These trade-offs are admittedly challenging to manage. The first step is to identify and be honest about them, both internally and externally. The next step is evaluate them in the context of the evaluation taking place—what does the current landscape of similar ratings look like? Is a more replicable, valid, or reliable metric necessary? Can a strong case for the need for higher-quality information be made? Who are the key stakeholders, and what are they demanding? What are they willing to pay for? The final step is to decide how to manage those trade-offs, and develop the highest-quality metrics that the particular context calls for and allows. While CoValence’s approach of treating all of its data sources as equally reliable counts as one of the most problematic practices in terms of its basic validity, CoValence at least is being open about how it has managed this (p.134) particular reliability/validity trade-off. For CoValence, the validity benefits of evaluating the reliability of its sources do not warrant the associated costs and reliability concerns with such source reliability assessments. It is then up to the public and stakeholder groups to evaluate how these ratings have managed these trade-offs, and provide grants of legitimacy—as discussed in chapter 3—to those they evaluate as providing the level of information quality they demand.

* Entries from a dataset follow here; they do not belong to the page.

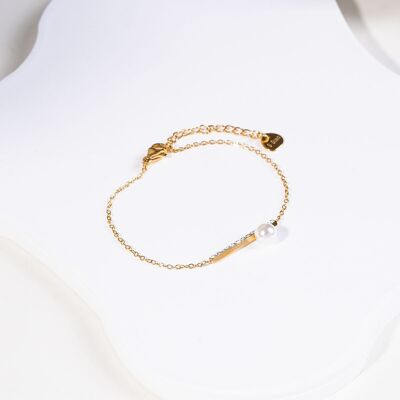 Gold chain bracelet with rhinestone bar and pearl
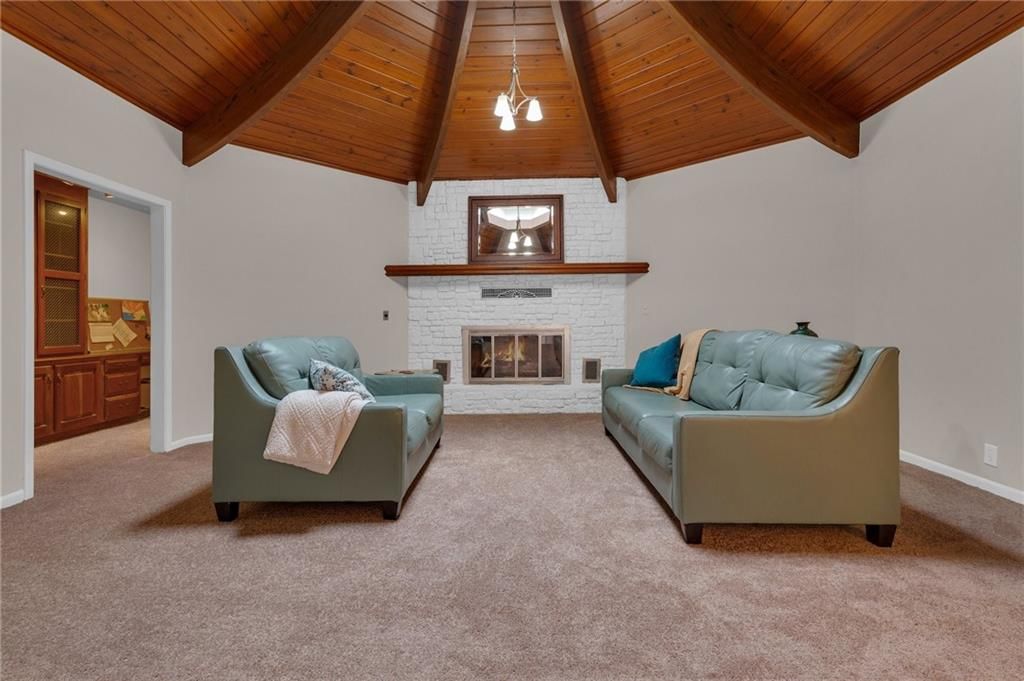 6753 N Park Avenue — photo 5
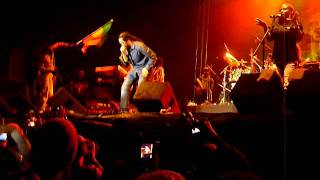 Damian Marley en Concierto (Intro)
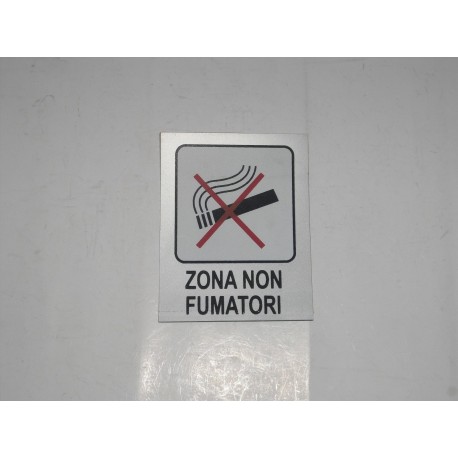 targa in plastica adesiva "ZONA NON FUMATORI" 100X80MM. T00874
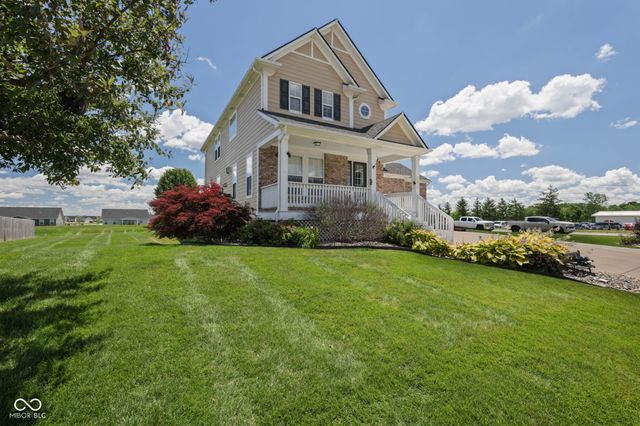 13815 N Honey Creek Drive, Camby, IN 46113
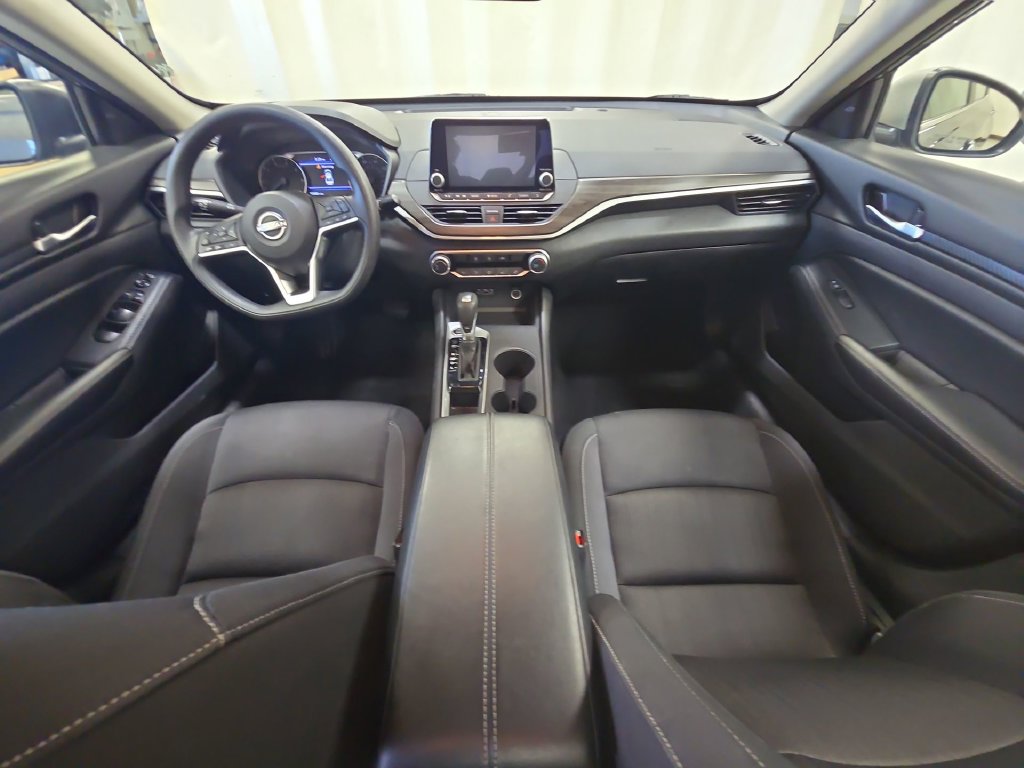 Used 2025 Nissan Altima 2.5 SV FWD image 27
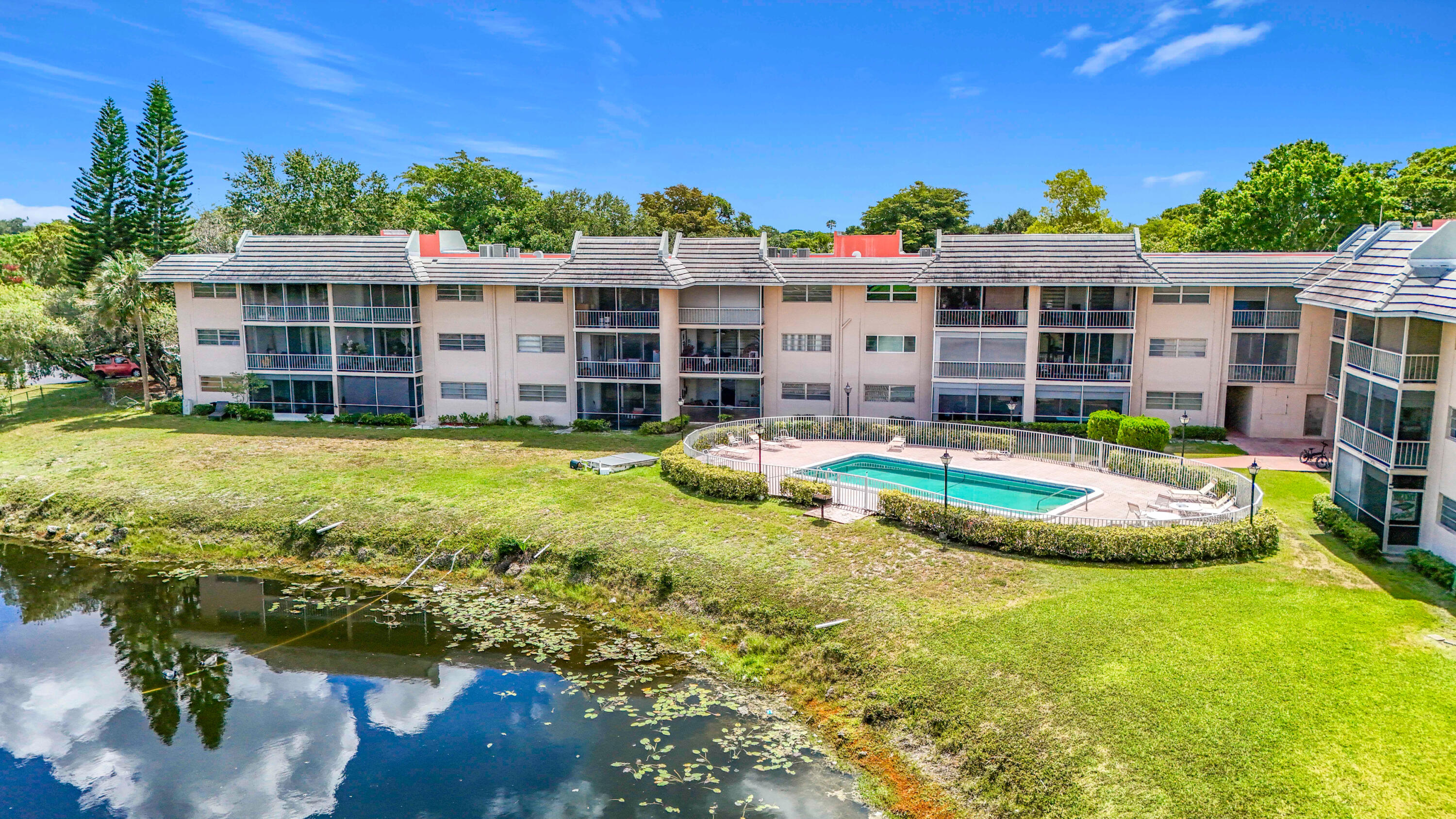 LAKE FOREST CONDO - Residential
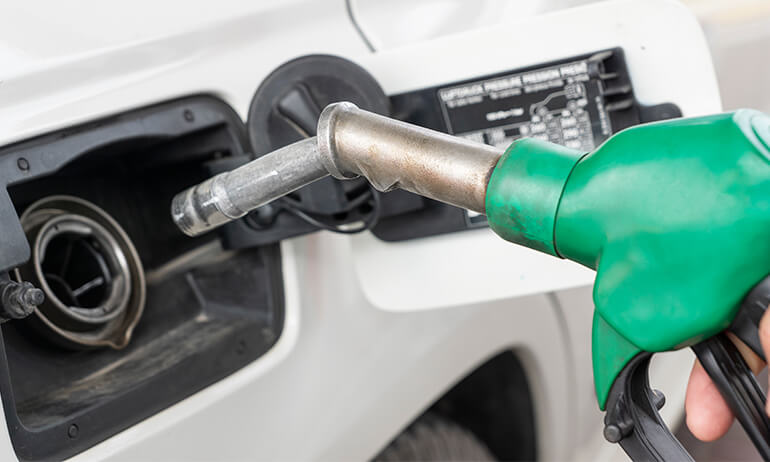 Gasolina do ‘futuro’ tem preço que não depende do petróleo. Bora conhecer!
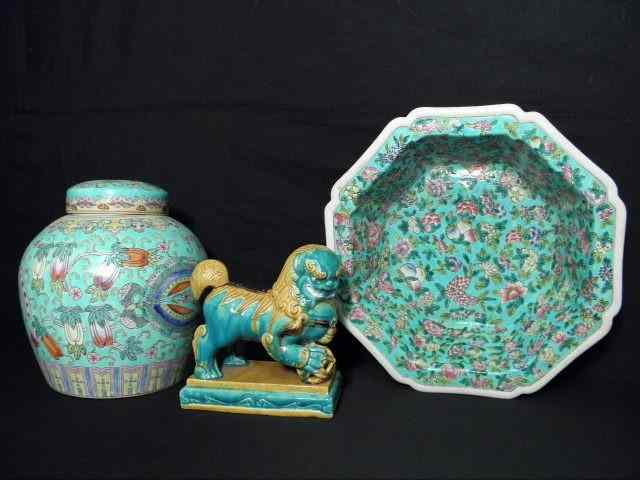 Modern Chinese painted porcelain lidded ginger jar bowl and foo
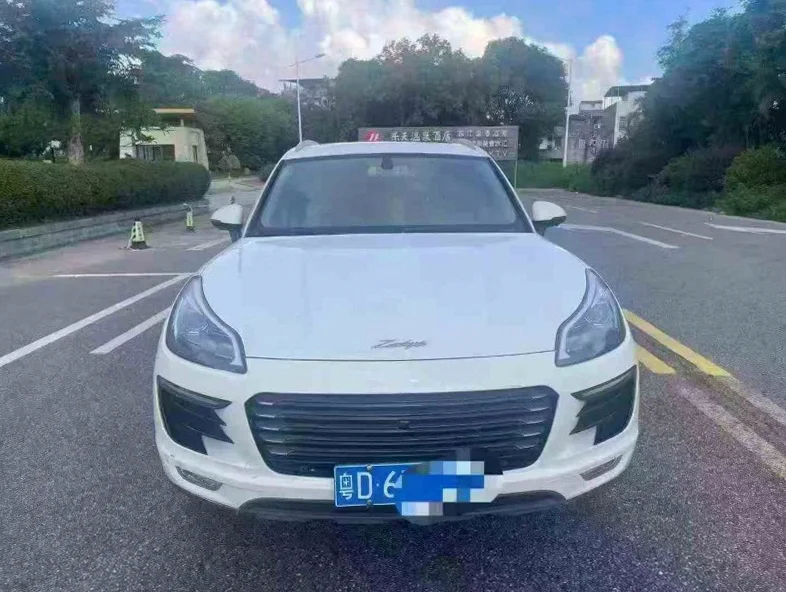 17年众泰SR9 2.0T自动豪华版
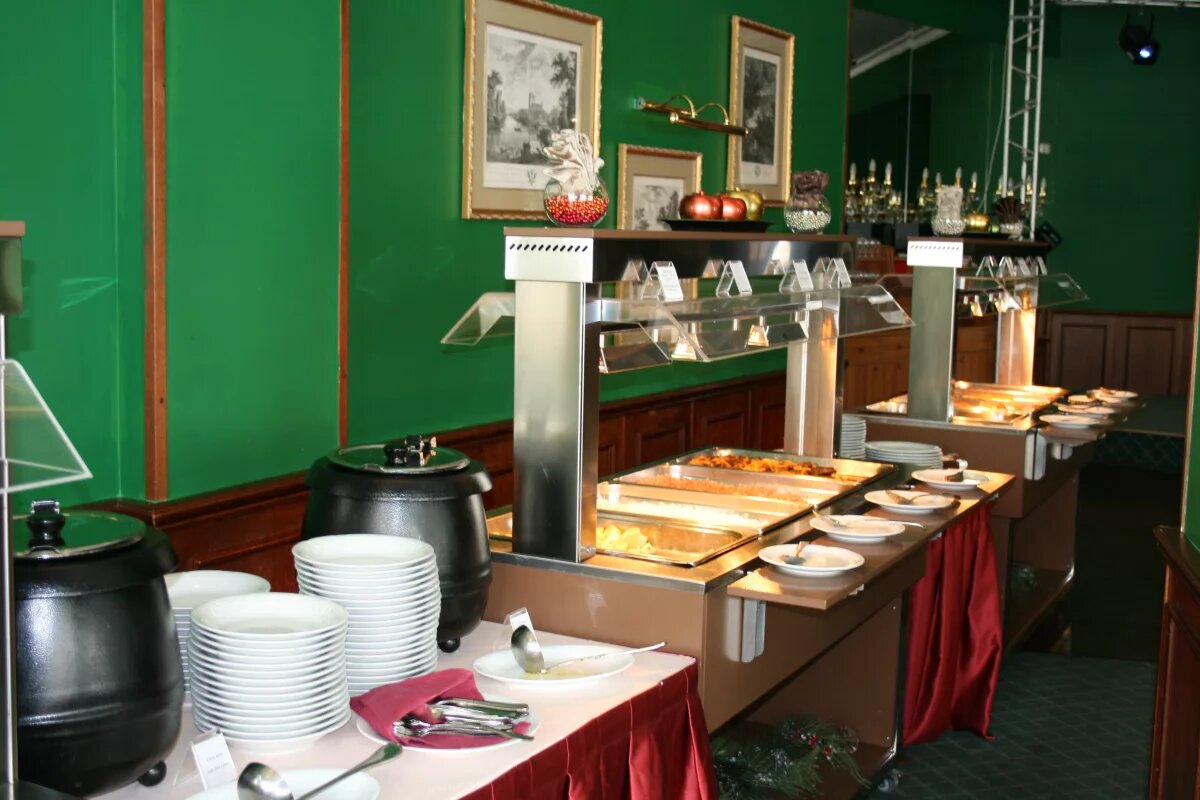    В Югре обсудили реконструкции гостиниц «На семи холмах» и «Югорская долина»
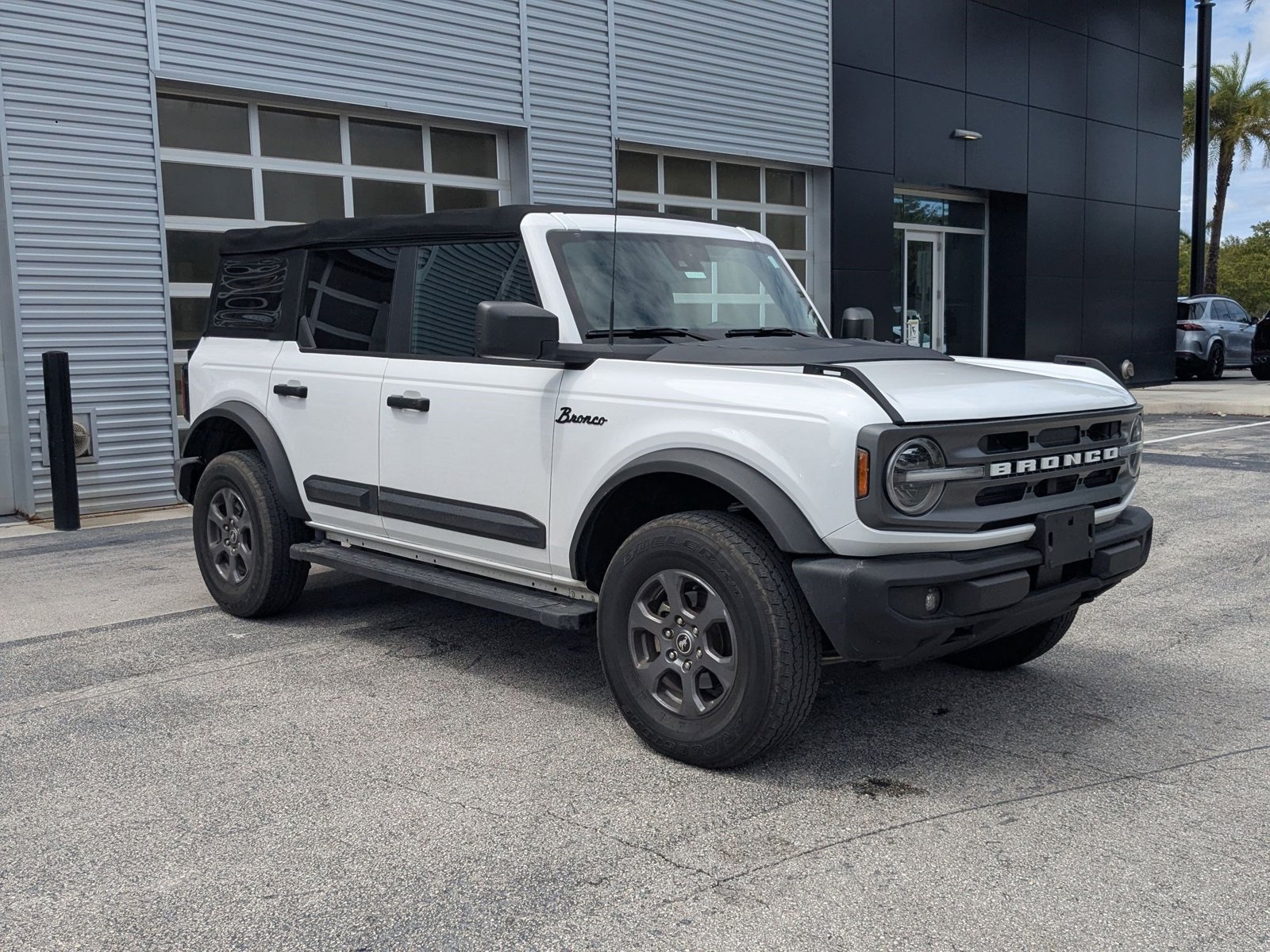 2022 Ford Bronco Base photo 3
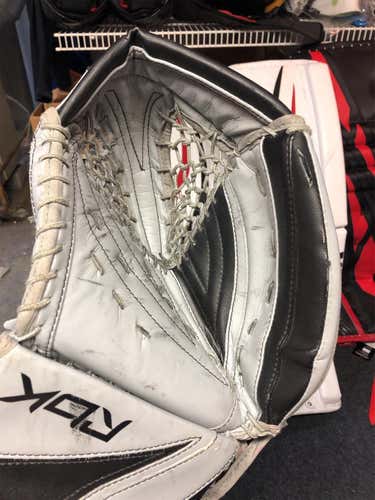 Pulse Goalie Glove & Blocker Regular Senior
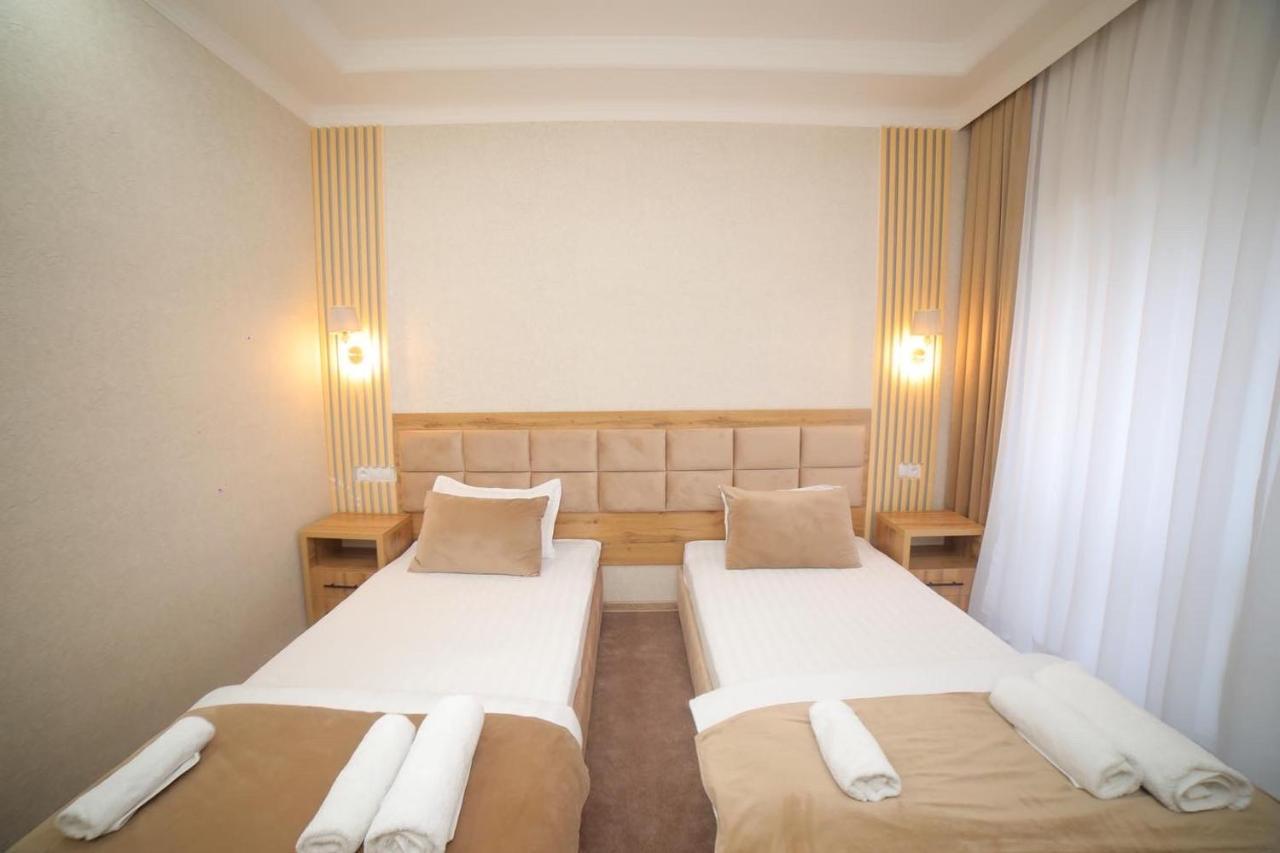 Hotel Tinchlik Plaza Urgentj Eksteriør billede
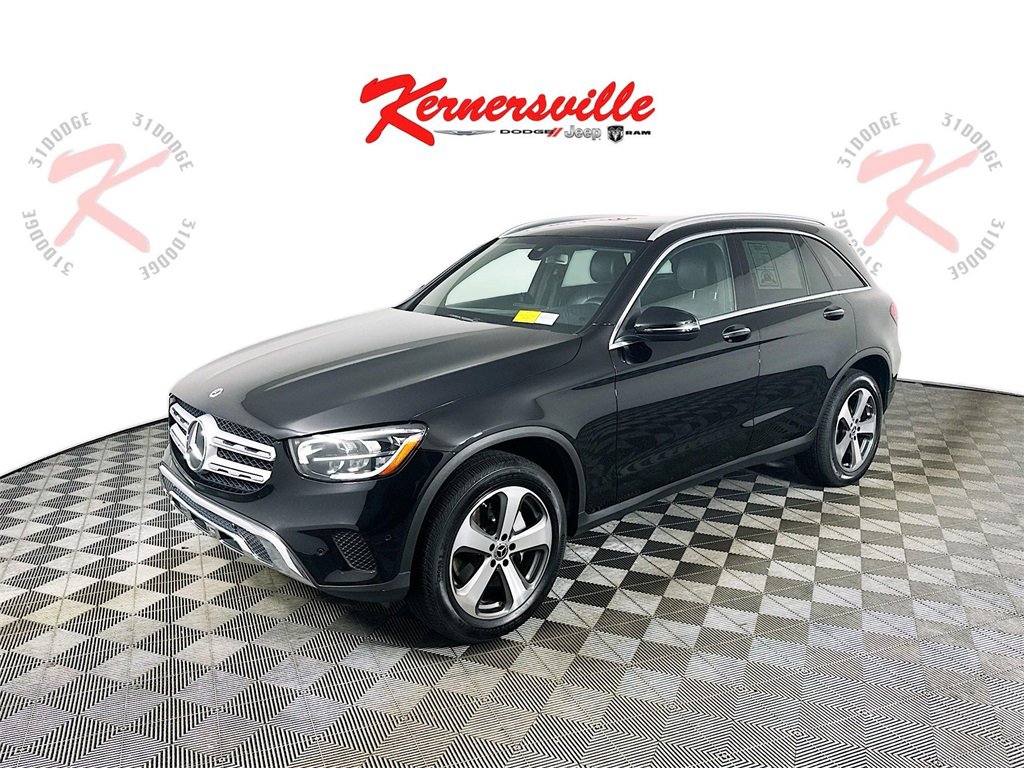 Used 2021 Mercedes-Benz GLC 300 4MATIC w/ Premium Package image 3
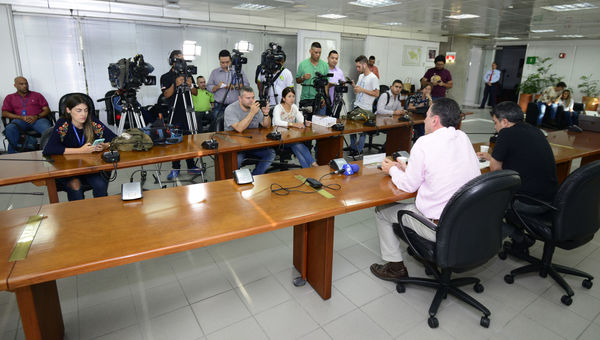 Rueda prensa contingencia Hidroituango
Rueda de prensa contingencia Hidroituango.  
Fecha: 4 Junio 2018.
Para descargar esta fotografía en alta resolución, haga clic sobre la imagen hasta que la misma se despliegue en la pantalla completa; luego dé clic derecho y elija la opción "guardar imagen como". 
En caso de publicación por cualquier medio, solicitamos acompañarla del crédito: "Foto EPM"
Palabras clave: Rueda prensa contingencia Hidroituango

The Quality of Green Building Information

So how does this help Lynn in her evaluation of green building certifications? Armed with the framework presented in this chapter, she can use it to compare the different programs. First, she can assess their replicability by analyzing their transparency. All four of the main green certification programs for commercial buildings in the United States—LEED, Green Globes, Living Building Challenge, and ENERGY STAR—are relatively transparent about their criteria, methods, and data sources. However, the transparency of their data is more limited and varied. None of the programs publicly reveal the underlying data upon which the certifications of individual buildings is based. LEED provides a scorecard of all of the individual points that each of its certified buildings has earned, while ENERGY STAR publicizes the 1–100 ENERGY STAR score that each of its certified buildings has received.57 Green Globes only provides the date of certification and the number of globes earned by each of its certified buildings, while the Living Building Challenge only provides its buildings’ certification status and type (NetZero Energy, Petal, Full Living, and Living Community Challenge).58

The replicability of all of these programs is therefore limited, although they have made a commendable effort to publicize their methods and criteria. Their reliability and validity, however, are much more uncertain. The Living Building Challenge employs a technical director who is responsible for overseeing “certification and technical consistency,”59 and LEED has Technical Advisory Groups that review the consistency and technical rigor of credits and prerequisites.60 Reliability and validity are mentioned in an ad hoc fashion in many of LEED’s point interpretation sections. ENERGY STAR emphasizes the importance of consistency in energy benchmarking exercises and its requirement that all types and amounts of energy used by (p.135) the property must be documented for twelve consecutive months.61 Green Globes asserts that it “sets the standard for accuracy, consistency, and credibility,” and claims its lack of prerequisites, recognition of nonapplicable criteria, and incorporation of partial credit “results in the highest possible accuracy of the final Green Globes score and rating.”62 However, the organization provides no evidence on its website to support these claims; indeed, none of these initiatives provide any evidence of the overall validity or reliability of their certifications.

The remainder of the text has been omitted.